Each line from the one containing "GUCCI Interlocking Diamond" to the end of the data must be copied exactly, the first and last included; no other lines and no pictures belong in the copy.

[GIVEN ENTRIES]

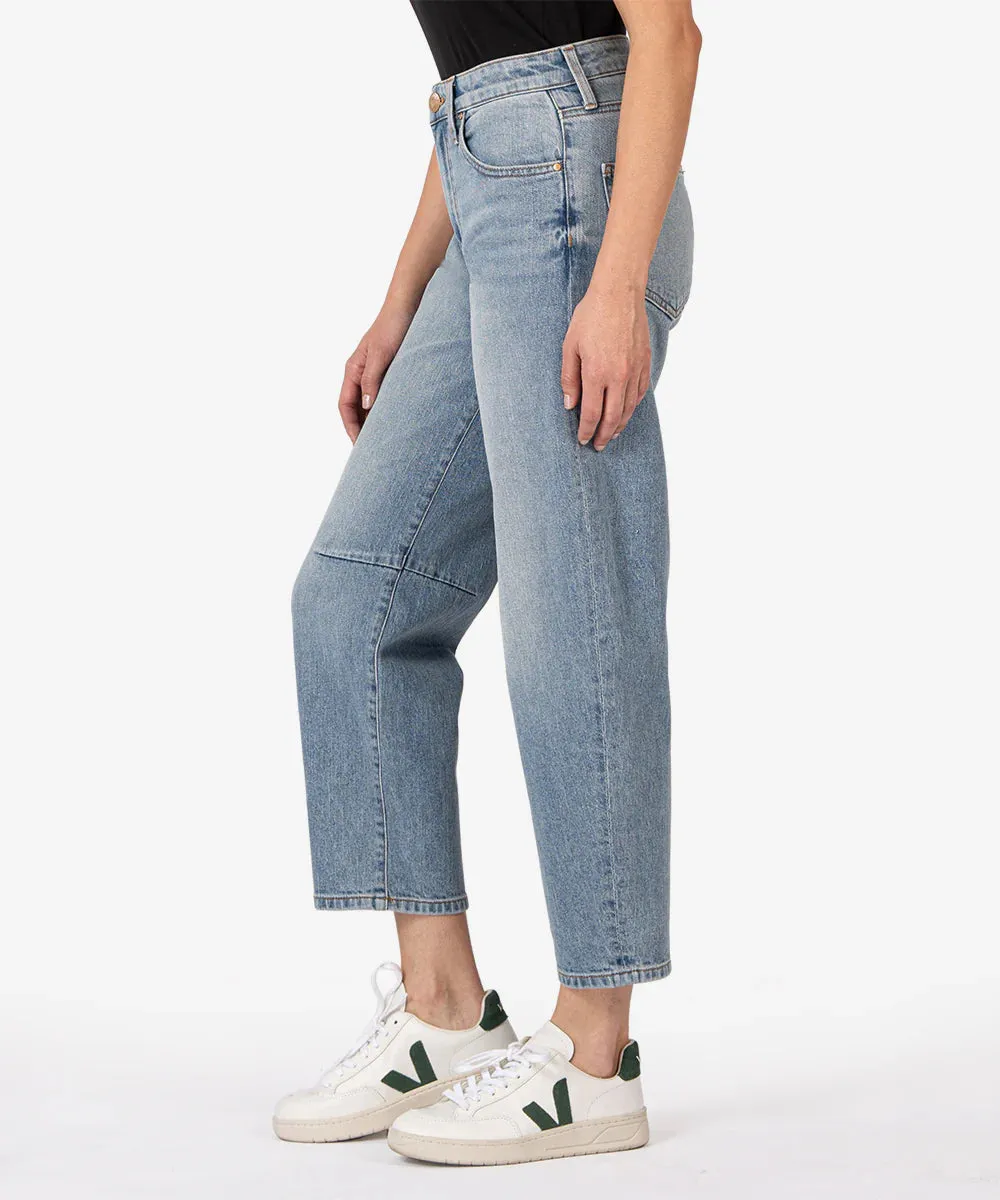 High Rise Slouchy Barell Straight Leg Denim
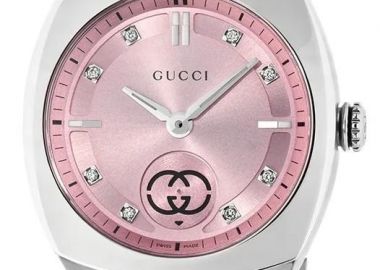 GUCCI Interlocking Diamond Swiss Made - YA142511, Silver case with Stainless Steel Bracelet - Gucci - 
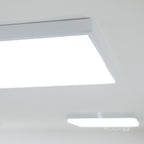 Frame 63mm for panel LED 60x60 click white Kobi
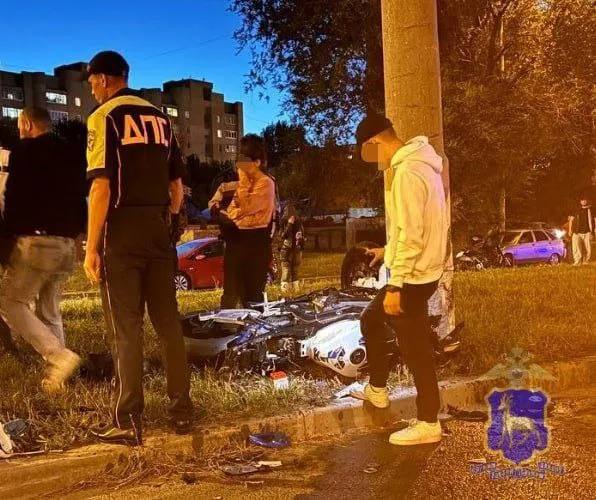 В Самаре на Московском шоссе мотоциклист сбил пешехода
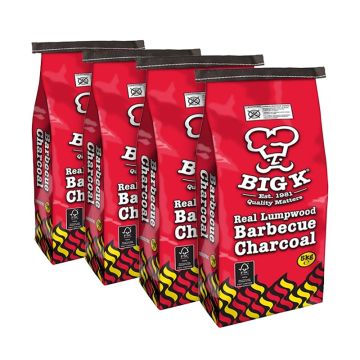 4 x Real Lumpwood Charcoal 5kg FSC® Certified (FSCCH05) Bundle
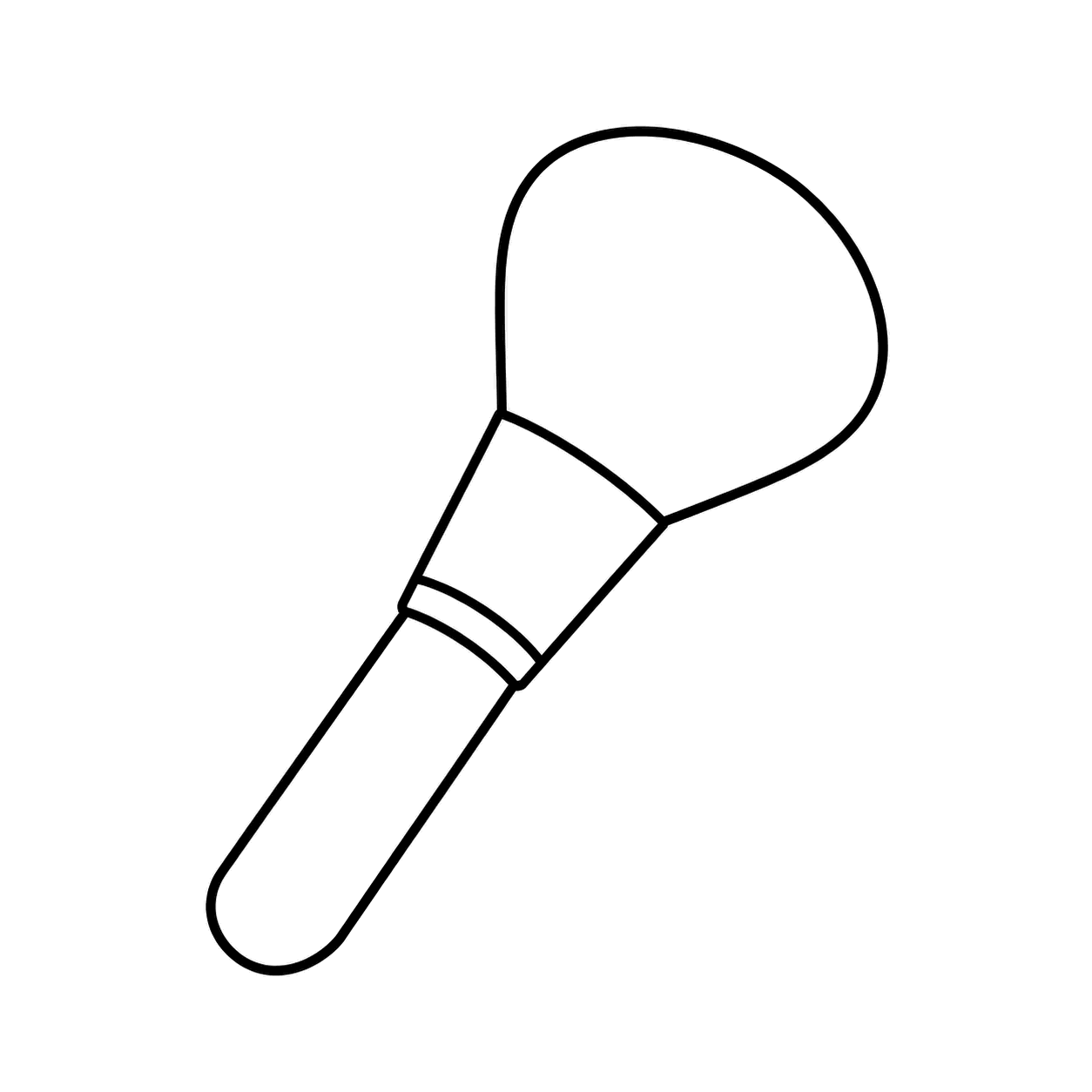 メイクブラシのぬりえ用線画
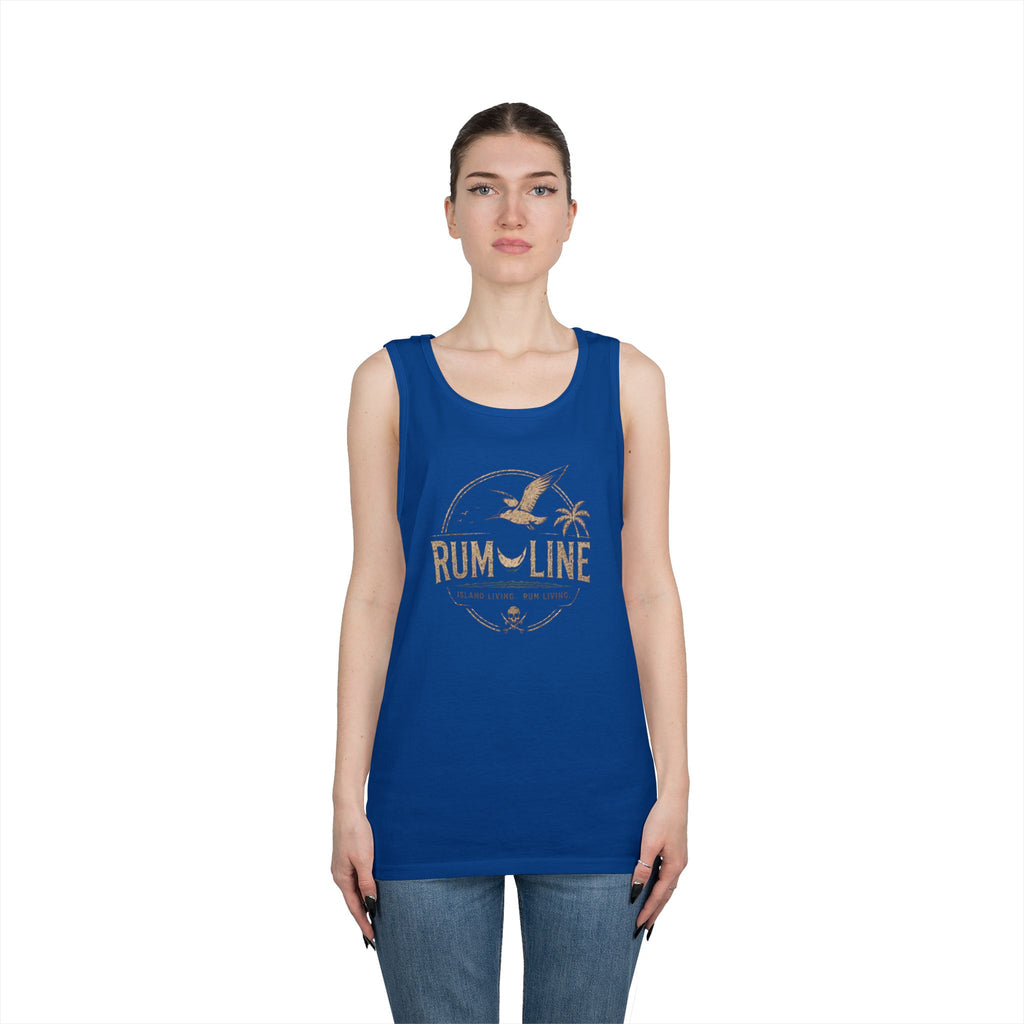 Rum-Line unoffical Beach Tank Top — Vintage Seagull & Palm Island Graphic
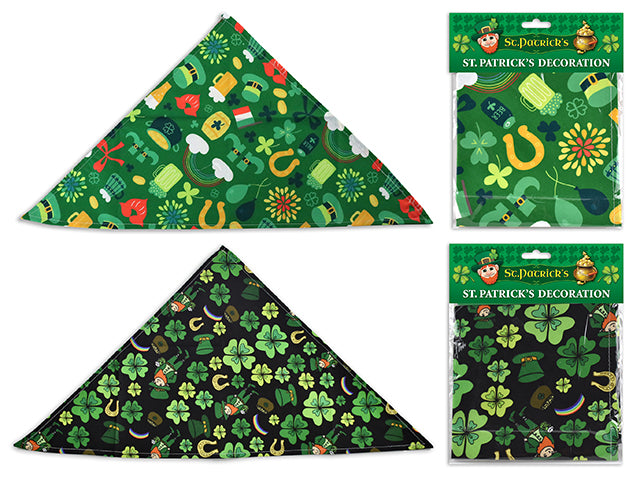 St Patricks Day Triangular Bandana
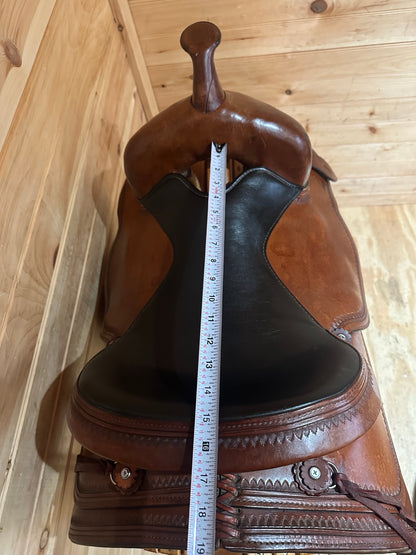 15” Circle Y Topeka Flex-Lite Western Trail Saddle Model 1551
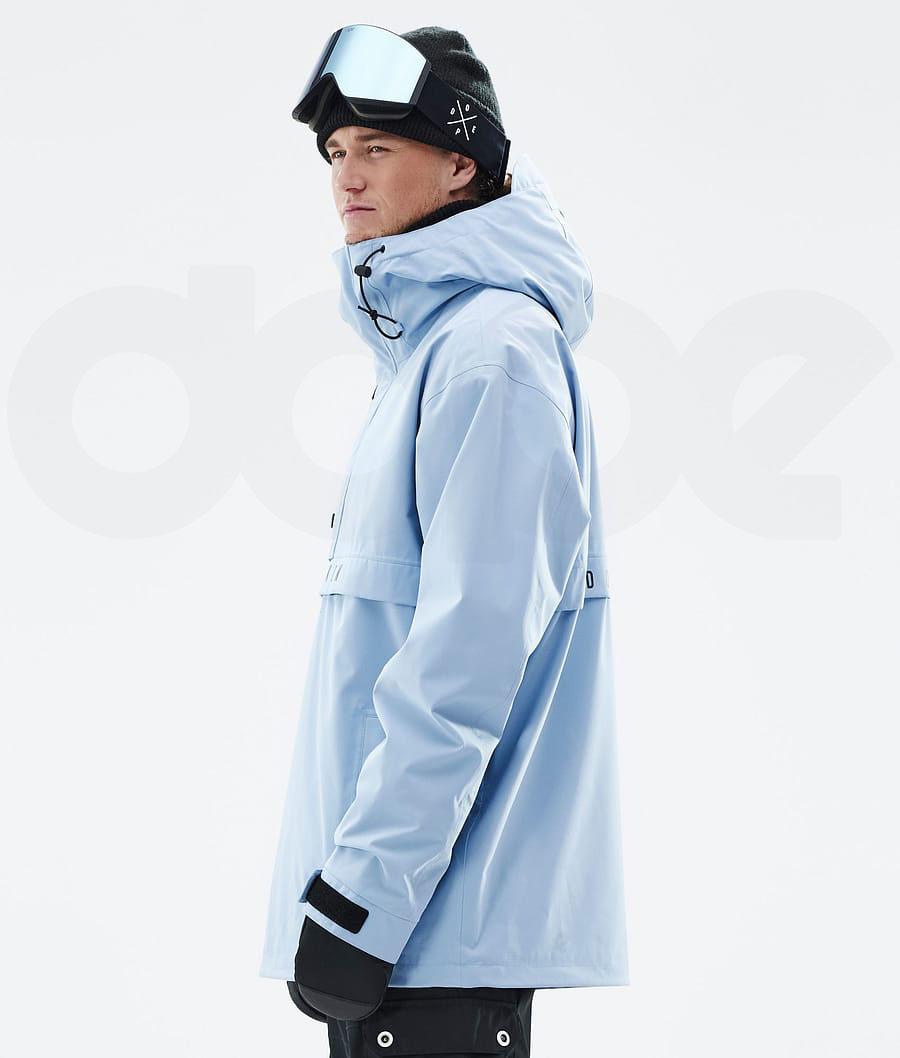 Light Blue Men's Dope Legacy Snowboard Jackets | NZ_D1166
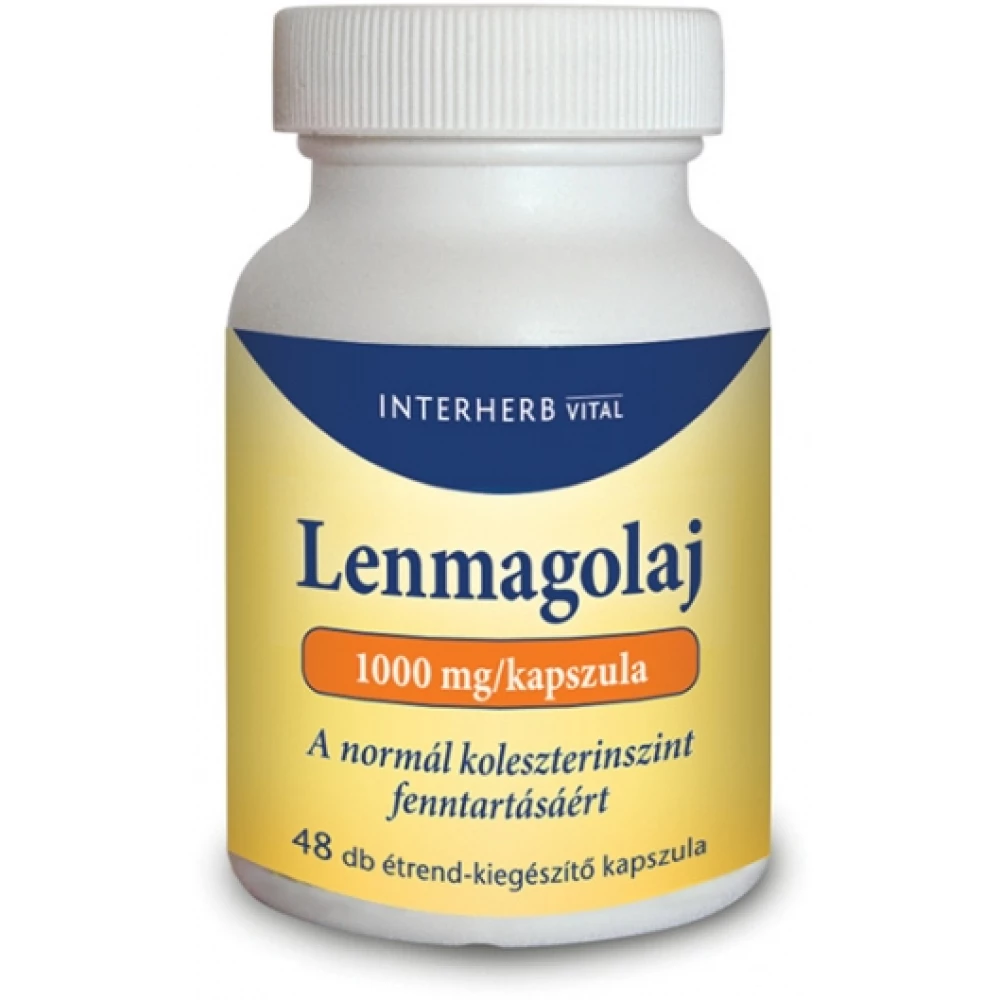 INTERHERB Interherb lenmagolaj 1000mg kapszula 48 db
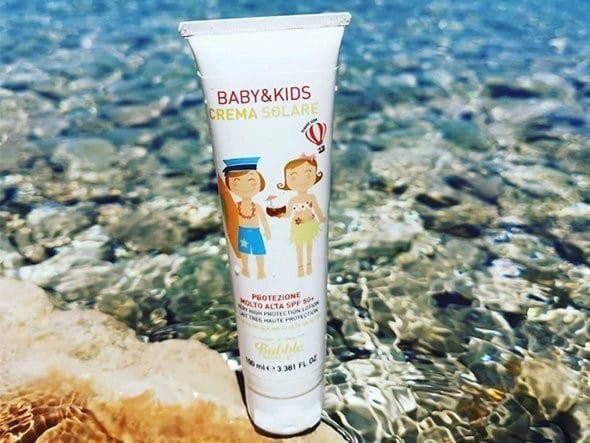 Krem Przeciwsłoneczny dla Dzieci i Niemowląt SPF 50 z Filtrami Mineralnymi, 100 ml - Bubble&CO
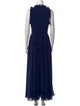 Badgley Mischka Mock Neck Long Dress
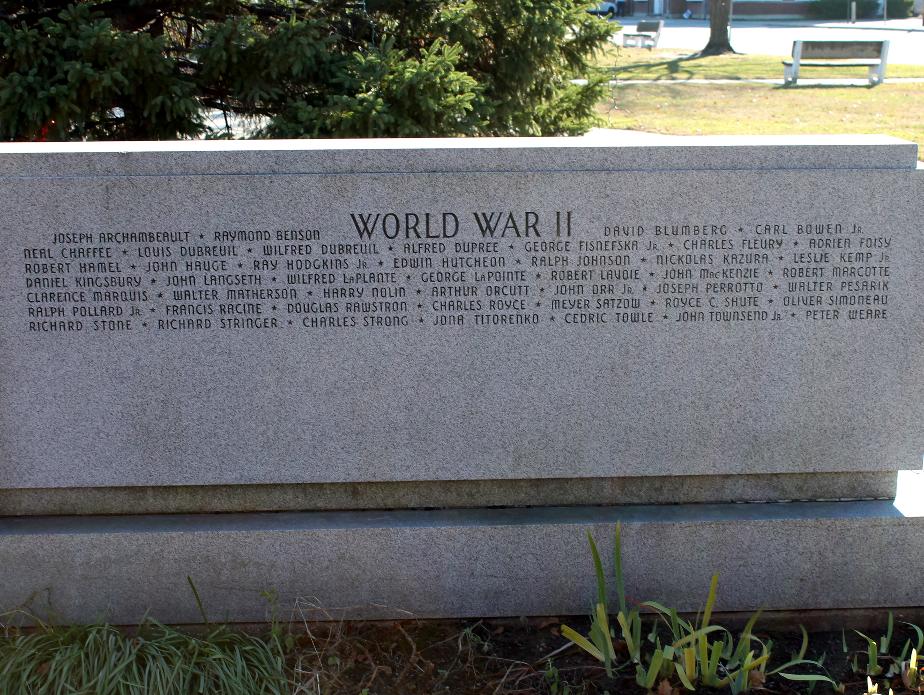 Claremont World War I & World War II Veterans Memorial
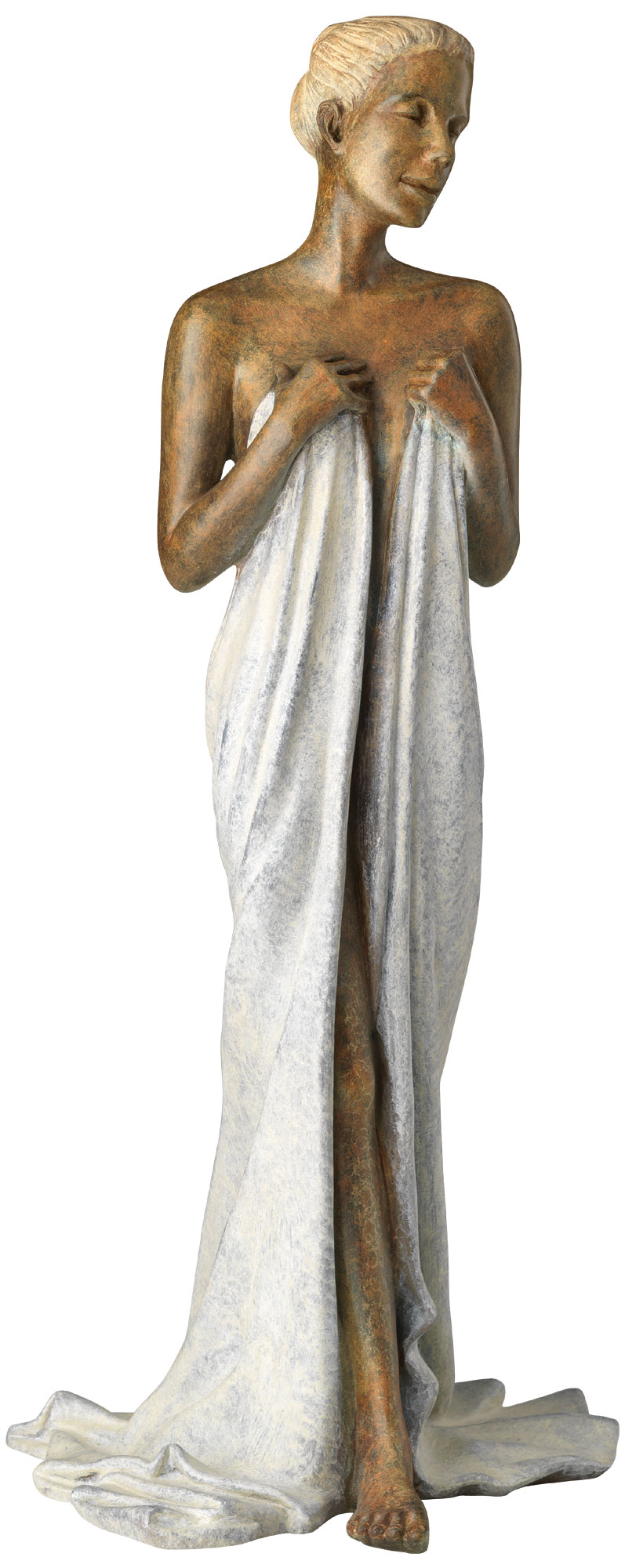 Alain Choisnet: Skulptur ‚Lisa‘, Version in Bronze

[/GIVEN ENTRIES]

RESULT BELOW
 GUCCI Interlocking Diamond Swiss Made - YA142511, Silver case with Stainless Steel Bracelet - Gucci - 
 Frame 63mm for panel LED 60x60 click white Kobi
 В Самаре на Московском шоссе мотоциклист сбил пешехода
 4 x Real Lumpwood Charcoal 5kg FSC® Certified (FSCCH05) Bundle
 メイクブラシのぬりえ用線画
 Rum-Line unoffical Beach Tank Top — Vintage Seagull & Palm Island Graphic
 St Patricks Day Triangular Bandana
 15” Circle Y Topeka Flex-Lite Western Trail Saddle Model 1551
 Light Blue Men's Dope Legacy Snowboard Jackets | NZ_D1166
 INTERHERB Interherb lenmagolaj 1000mg kapszula 48 db
 Krem Przeciwsłoneczny dla Dzieci i Niemowląt SPF 50 z Filtrami Mineralnymi, 100 ml - Bubble&CO
 Badgley Mischka Mock Neck Long Dress
 Claremont World War I & World War II Veterans Memorial
 Alain Choisnet: Skulptur ‚Lisa‘, Version in Bronze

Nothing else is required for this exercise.